Ask Dr. Don By

Don Taylor, Ph.D., CFA,    

Dear Dr. Don,

Is there a form of bankruptcy that allows me to select which debts are claimed? For example, I have a loan with a co-signer that is in good status and another membership that is not behind and I do not wish to place these accounts in bankruptcy. Is there a way to claim only certain things?


Dear Ralph,

You’re required to list all your debts in a bankruptcy petition. The bankruptcy court needs to see your complete financial picture and then it’s up to the court to allocate the proceeds of the bankruptcy estate (in a Chapter 7 bankruptcy) among your creditors.

That said, you can reaffirm a debt.

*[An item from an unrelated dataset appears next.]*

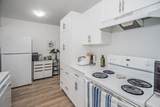 35340 Selkirk Avenue - Photo 16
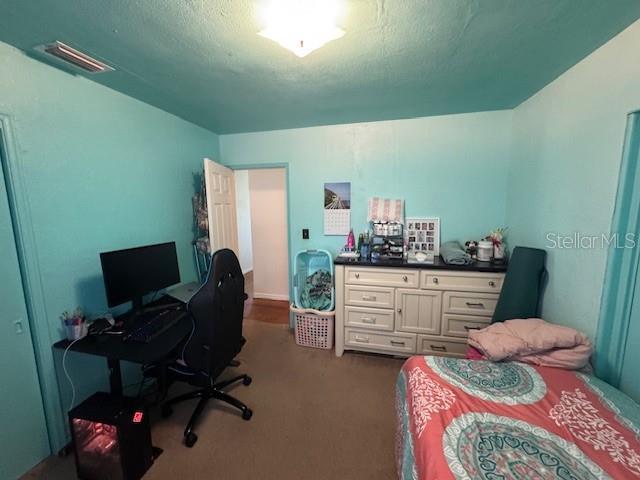 4027 31st Ave N, Saint Petersburg, FL 33713 - photo 34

By doing so, that debt will continue to exist after the bankruptcy discharge eliminates your obligation to repay debts eligible for discharge. The debt reaffirmation has to be filed with the bankruptcy court. Often, a debt affirmation is not in the debtor’s best interest since the debtor is re-obligating himself to pay a debt that would otherwise have been discharged.

In a Chapter 7 bankruptcy proceeding, the lender will look to the co-signer to repay the debt. In a Chapter 13 bankruptcy filing, you establish a court-approved repayment plan and the co-signer, while still obligated to repay the debt, won’t be pursued because you are still making payments on the debt. From the U.S. Courts publication,

Bankruptcy Basics:

Specifically, after the commencement of a Chapter 13 case, unless the bankruptcy court authorizes otherwise, a creditor may not seek to collect a “consumer debt” from any individual who is liable with the debtor.

11 U.S.C. § 1301.

Secured debts, like a mortgage or a car loan, are treated differently than unsecured debts, such as credit card debt. With secured debts, the lender has a security interest in the asset and that security interest survives the bankruptcy process. Again, from

Bankruptcy Basics:

Although a debtor is relieved of personal liability for all debts that are discharged, a valid lien (i.e., a charge upon specific property to secure payment of a debt) that has not been avoided (i.e., made enforceable) in the bankruptcy case will remain after the bankruptcy case. Therefore, a secured creditor may enforce the lien to recover the property secured by the lien.

Trying to protect your co-signer is admirable and may be possible, but don’t attempt it by leaving the loan out of the bankruptcy filing. Talk to a bankruptcy attorney to find out if filing for bankruptcy is the best solution to your credit problems.